Task statement: Repeat every line of the data exactly; the pictures stay out.

Caption-style text data:
###

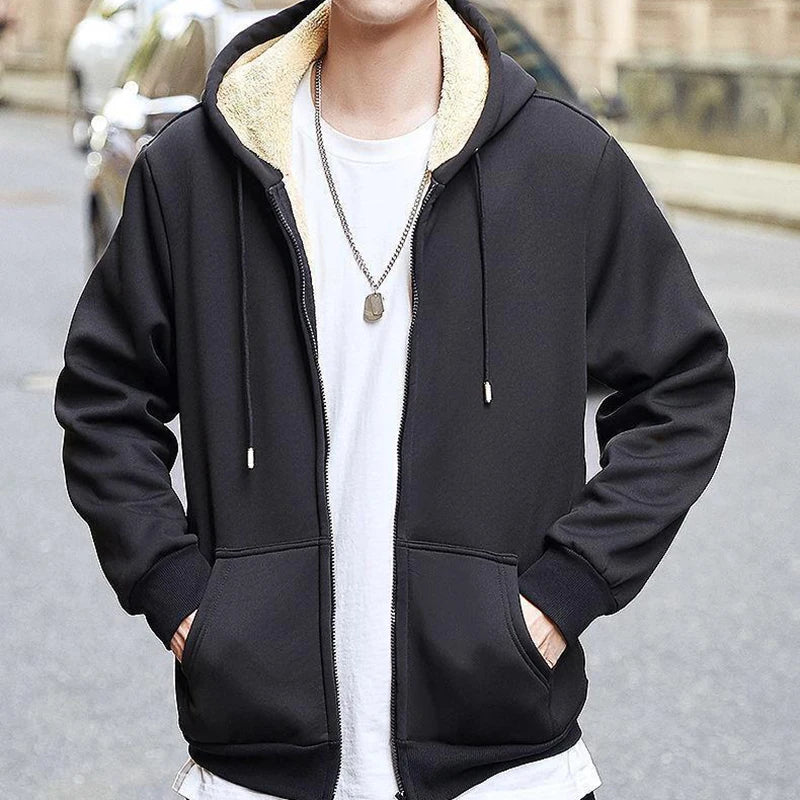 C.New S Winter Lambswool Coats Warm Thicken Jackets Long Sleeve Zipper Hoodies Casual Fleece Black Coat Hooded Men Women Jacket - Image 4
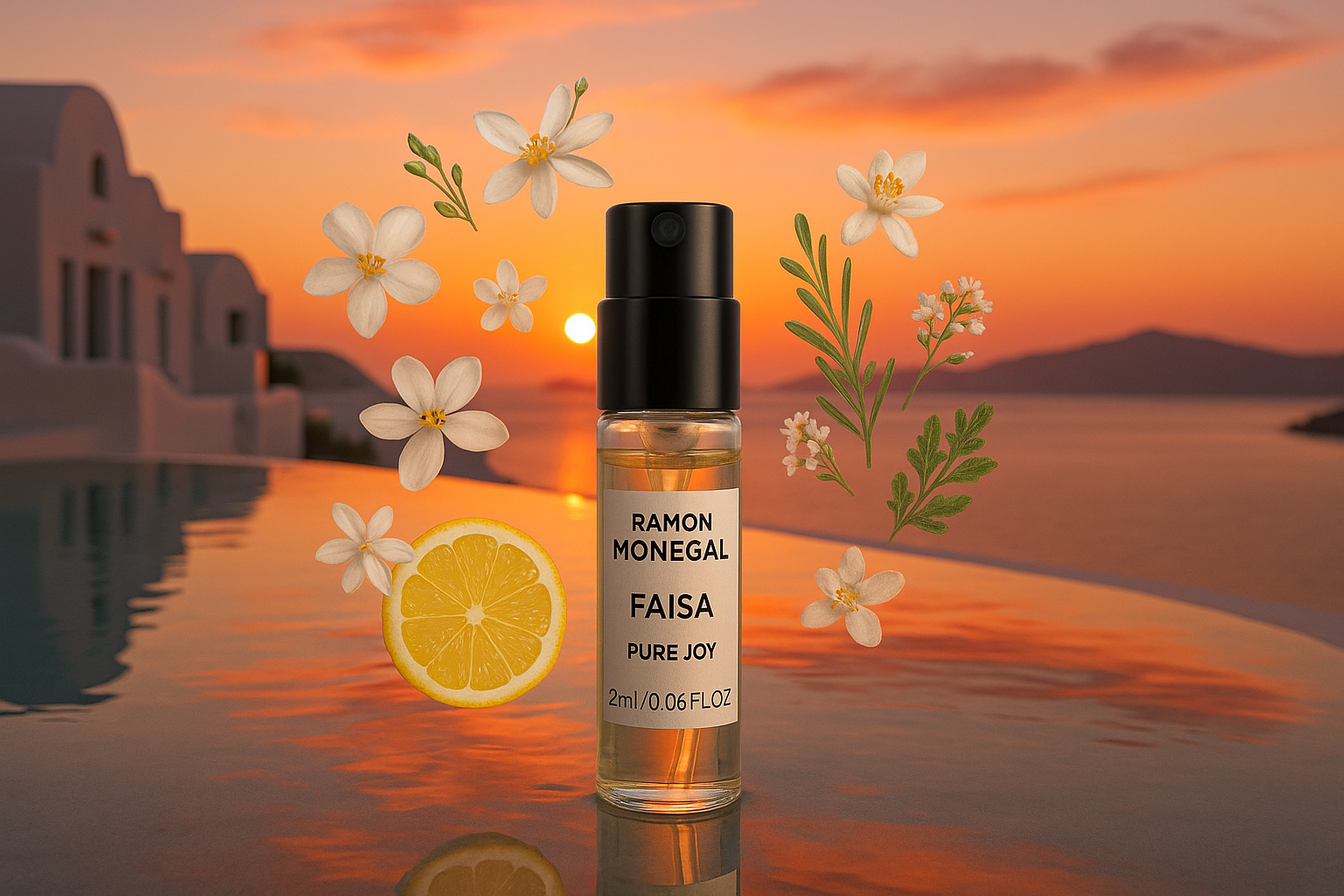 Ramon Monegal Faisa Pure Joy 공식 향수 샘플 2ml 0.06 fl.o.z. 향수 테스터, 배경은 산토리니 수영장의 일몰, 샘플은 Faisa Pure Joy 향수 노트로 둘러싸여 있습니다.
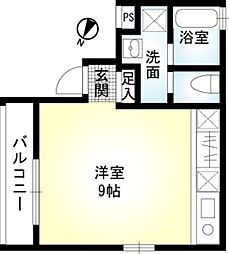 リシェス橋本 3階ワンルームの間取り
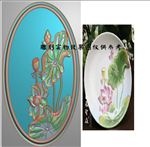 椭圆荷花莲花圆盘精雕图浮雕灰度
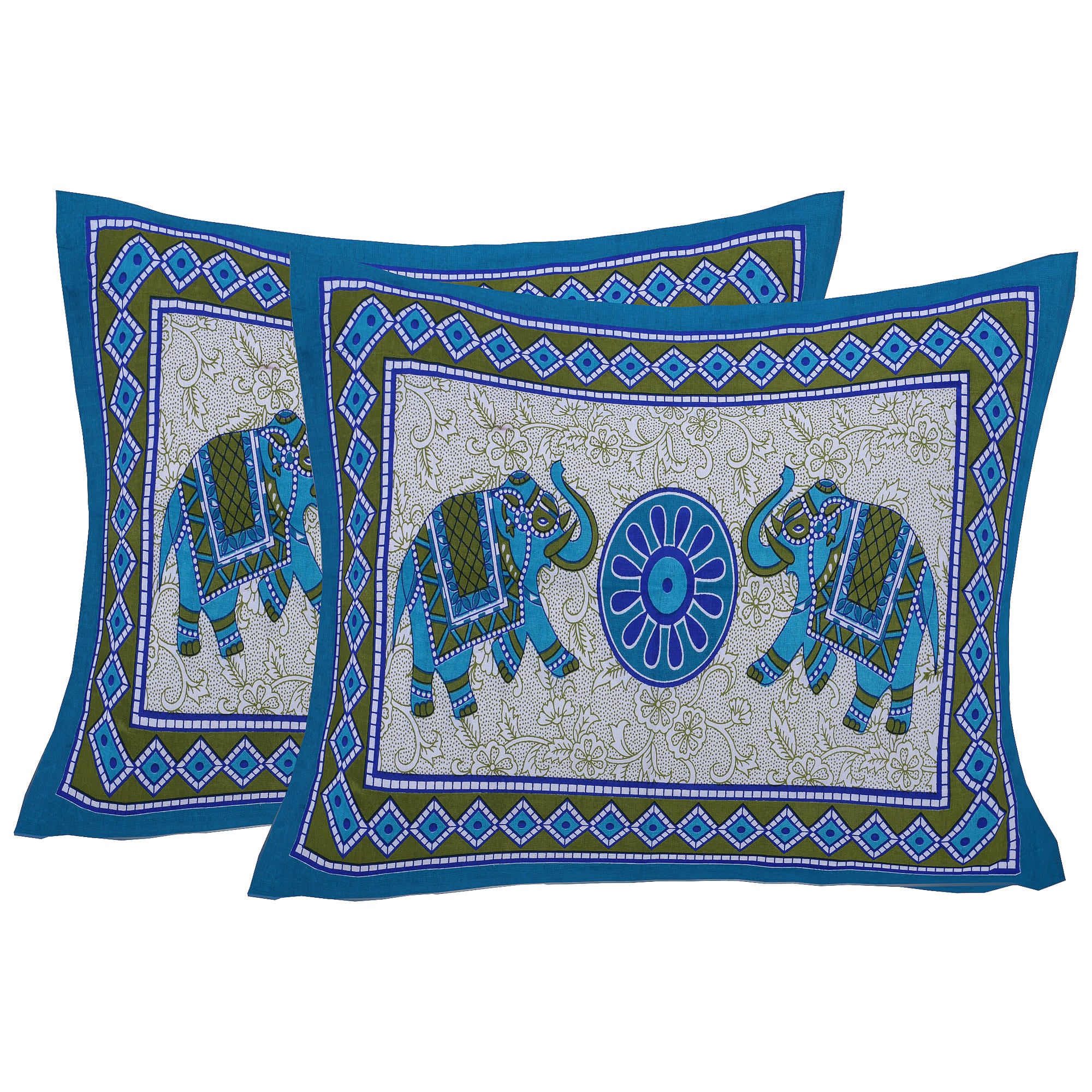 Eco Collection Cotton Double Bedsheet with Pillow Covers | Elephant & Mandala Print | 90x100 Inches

###

Reply:
 C.New S Winter Lambswool Coats Warm Thicken Jackets Long Sleeve Zipper Hoodies Casual Fleece Black Coat Hooded Men Women Jacket - Image 4
 Ramon Monegal Faisa Pure Joy 공식 향수 샘플 2ml 0.06 fl.o.z. 향수 테스터, 배경은 산토리니 수영장의 일몰, 샘플은 Faisa Pure Joy 향수 노트로 둘러싸여 있습니다.
 リシェス橋本 3階ワンルームの間取り
 椭圆荷花莲花圆盘精雕图浮雕灰度
 Eco Collection Cotton Double Bedsheet with Pillow Covers | Elephant & Mandala Print | 90x100 Inches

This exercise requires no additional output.